In summary, the university is arguing the Beacon failed to obtain permission to publish the recordings and is demanding that the Beacon remove them from its website. The Beacon is arguing the university never told them of any restrictions and shouldn’t have to comply with them retroactively. Here’s an excerpt from the letter the Beacon’s lawyers sent to the library:
Your letter fails to provide a single reason why the Free Beacon cannot continue to publish this information. Your staff provided the recordings to the Free Beacon without any condition, apprised the Free Beacon of no “policies” limiting their dissemination, and required no agreement to be signed prior to receiving them.
You now assert that the Free Beacon violated the “policies of Special Collections,” yet you fail to quote or cite these “policies,” or explain how they bind my client. You mention a “permission to publish form,” but the Free Beacon never signed this form, nor has it ever agreed to sign it. Your staff unconditionally provided the audio recordings to the Free Beacon and the Free Beacon did not agree to any restrictions on their use. Therefore, the Free Beacon was free to publish this information, and continues to be free to do so.
A couple points to make. One, the “policies of Special Collections” are available on the library’s website and are quite clear regarding the publishing of material from the library:
Note: Publication of any material found in the manuscript collections of the University of Arkansas Libraries Special Collections is permitted only after a completed “Permission to Publish Request” is approved and signed by the Head of the Department.
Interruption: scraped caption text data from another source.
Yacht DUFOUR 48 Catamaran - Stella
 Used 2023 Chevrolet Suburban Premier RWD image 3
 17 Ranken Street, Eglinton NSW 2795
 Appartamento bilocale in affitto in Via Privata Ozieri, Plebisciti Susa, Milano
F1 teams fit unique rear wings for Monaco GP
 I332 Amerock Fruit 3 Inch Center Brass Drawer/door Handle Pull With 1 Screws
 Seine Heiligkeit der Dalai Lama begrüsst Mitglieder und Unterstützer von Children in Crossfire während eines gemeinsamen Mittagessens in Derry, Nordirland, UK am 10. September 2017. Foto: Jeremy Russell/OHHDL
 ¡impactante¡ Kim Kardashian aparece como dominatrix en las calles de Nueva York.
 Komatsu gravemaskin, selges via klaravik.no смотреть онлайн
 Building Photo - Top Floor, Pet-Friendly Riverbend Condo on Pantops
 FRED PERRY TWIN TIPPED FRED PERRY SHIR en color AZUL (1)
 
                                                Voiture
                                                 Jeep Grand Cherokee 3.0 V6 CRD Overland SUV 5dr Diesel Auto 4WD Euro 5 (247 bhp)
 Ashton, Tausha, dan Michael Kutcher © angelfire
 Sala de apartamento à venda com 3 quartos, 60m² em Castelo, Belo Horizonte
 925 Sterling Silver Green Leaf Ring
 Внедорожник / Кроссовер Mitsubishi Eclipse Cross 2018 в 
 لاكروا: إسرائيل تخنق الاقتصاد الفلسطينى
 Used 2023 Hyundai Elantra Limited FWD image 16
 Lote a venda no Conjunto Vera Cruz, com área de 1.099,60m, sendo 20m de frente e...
See “Forms for Requesting from Special Collections” for more information.
But, two, other than this “permission to publish” form, I don’t see any other restrictions on the material used in the Beacon piece. You can see a list of everything that’s in the Roy Reed collection here, and only one box of materials — No. 26 — is labeled as “restricted.” This lone box, according to the description of its contents, doesn’t contain anything related to Hillary anyway.
At this point, it’s the university that needs to respond and answer why the Beacon would have been denied permission to publish these recordings in the first place. Because from what I’m seeing, there’s no issue with their use by the media or researchers other than that they’re embarrassing to Hillary Clinton.